> **DATA IN THIS EXERCISE**
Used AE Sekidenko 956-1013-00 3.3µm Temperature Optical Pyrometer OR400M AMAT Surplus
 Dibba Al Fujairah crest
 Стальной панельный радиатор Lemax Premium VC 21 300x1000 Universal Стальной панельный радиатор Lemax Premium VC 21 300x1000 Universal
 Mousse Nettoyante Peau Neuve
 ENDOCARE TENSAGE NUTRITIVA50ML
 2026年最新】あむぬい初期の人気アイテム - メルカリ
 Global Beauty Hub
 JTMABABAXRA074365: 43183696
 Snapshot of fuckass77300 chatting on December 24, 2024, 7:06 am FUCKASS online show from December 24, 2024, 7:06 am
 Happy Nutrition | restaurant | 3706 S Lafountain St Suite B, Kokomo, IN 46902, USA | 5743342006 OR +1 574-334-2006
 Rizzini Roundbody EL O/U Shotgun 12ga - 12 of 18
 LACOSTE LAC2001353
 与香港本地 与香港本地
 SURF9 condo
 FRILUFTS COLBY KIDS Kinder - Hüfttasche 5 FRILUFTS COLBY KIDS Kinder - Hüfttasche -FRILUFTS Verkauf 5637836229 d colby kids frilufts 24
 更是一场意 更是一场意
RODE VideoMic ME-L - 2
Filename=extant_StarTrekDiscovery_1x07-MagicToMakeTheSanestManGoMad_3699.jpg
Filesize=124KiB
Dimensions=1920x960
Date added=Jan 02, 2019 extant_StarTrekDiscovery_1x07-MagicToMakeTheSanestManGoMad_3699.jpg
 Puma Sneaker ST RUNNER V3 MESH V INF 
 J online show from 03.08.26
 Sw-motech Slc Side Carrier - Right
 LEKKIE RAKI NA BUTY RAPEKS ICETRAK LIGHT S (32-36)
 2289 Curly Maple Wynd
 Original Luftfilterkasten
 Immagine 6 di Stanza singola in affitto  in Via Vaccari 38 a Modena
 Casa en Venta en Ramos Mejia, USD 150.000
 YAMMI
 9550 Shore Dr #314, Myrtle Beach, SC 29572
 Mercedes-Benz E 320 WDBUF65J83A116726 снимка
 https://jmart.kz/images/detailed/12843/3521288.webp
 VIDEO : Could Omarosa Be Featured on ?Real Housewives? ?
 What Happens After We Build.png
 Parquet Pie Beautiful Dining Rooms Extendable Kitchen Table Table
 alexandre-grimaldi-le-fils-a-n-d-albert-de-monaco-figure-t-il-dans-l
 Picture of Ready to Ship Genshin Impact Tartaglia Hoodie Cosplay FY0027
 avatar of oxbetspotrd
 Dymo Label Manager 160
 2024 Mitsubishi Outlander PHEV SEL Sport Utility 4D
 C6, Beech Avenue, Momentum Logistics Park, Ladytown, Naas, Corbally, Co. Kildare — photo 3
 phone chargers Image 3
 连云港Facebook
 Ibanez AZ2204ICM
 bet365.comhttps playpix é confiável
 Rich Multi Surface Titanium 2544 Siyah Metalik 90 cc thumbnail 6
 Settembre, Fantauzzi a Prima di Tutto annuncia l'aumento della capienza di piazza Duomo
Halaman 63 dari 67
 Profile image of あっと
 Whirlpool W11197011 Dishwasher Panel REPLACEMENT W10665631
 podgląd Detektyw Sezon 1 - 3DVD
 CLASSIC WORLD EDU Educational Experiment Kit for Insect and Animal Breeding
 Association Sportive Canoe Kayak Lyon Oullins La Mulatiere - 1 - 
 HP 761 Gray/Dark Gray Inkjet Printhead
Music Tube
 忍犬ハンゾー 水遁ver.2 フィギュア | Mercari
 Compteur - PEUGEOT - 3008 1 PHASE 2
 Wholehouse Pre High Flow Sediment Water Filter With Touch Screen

> **EXERCISE BRIEF**
Transcribe the records above exactly, beginning at the line that contains "Snapshot of fuckass77300" and ending with the line that contains "Dimensions=1920x960", both included, and nothing else.

> **OUTPUT BELOW**
 Snapshot of fuckass77300 chatting on December 24, 2024, 7:06 am FUCKASS online show from December 24, 2024, 7:06 am
 Happy Nutrition | restaurant | 3706 S Lafountain St Suite B, Kokomo, IN 46902, USA | 5743342006 OR +1 574-334-2006
 Rizzini Roundbody EL O/U Shotgun 12ga - 12 of 18
 LACOSTE LAC2001353
 与香港本地 与香港本地
 SURF9 condo
 FRILUFTS COLBY KIDS Kinder - Hüfttasche 5 FRILUFTS COLBY KIDS Kinder - Hüfttasche -FRILUFTS Verkauf 5637836229 d colby kids frilufts 24
 更是一场意 更是一场意
RODE VideoMic ME-L - 2
Filename=extant_StarTrekDiscovery_1x07-MagicToMakeTheSanestManGoMad_3699.jpg
Filesize=124KiB
Dimensions=1920x960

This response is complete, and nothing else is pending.